IBM’s Blue Gene Is Still World’s Fastest Computer

IBM’s Blue Gene computer at the Lawrence Livermore National Laboratory in Livermore, CA has retained its title as the world’s fastest computer. And, it must be said, by a rather wide margin. It wasn’t even close.

The computer tested out at 478.2 teraflops. A teraflop equals 1 trillion calculations per second. The second place computer, also an IBM creation, clocked in at 167.3 teraflops.

How fast is that? As Professor Rick Luttmann puts it, a 1 teraflop computer can do 1000 calculations in the time it takes for light to travel one foot, which means Blue Gene can do 478,200 calculations in that amount of time. Yeah.

But what is the point of all this speed? Blue Gene was designed to simulate the effects of a hydrogen bomb explosion, whether it be fallout patterns or fuel issues. The computer’s job is to make sure the bombs are stable and reliable.

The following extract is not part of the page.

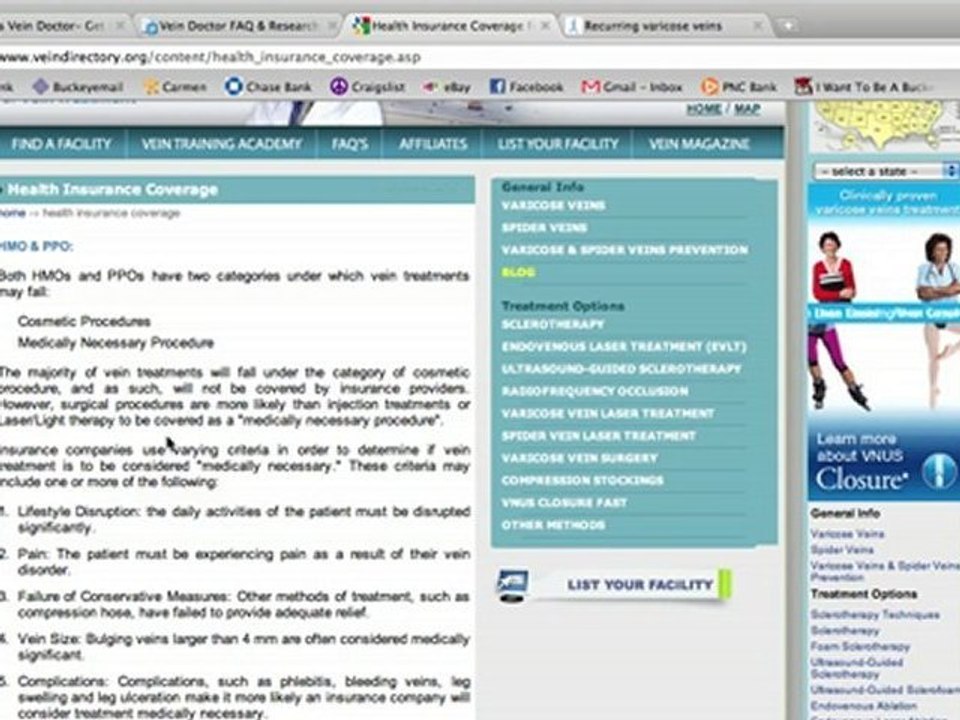 Varicose Vein Doctor Consultations and Information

Blue Gene is made up of 104 refrigerated cabinets that hold 106,496 processors. Each processor is assigned a small part of a much larger math problem and they all work together to solve these bomb-related problems.

The third fastest computer was a Silicon Graphics machine in New Mexico, while Hewlett-Packard took fourth and fifth.

The world’s supercomputer market isn’t just involving top secret government studies. 57% of the computers are used by various industrial interests, and do things like simulate products to make for more efficient manufacturing, data mining, and financial modeling. The computers are also used to produce 3-D images of subterranean oil and gas locations.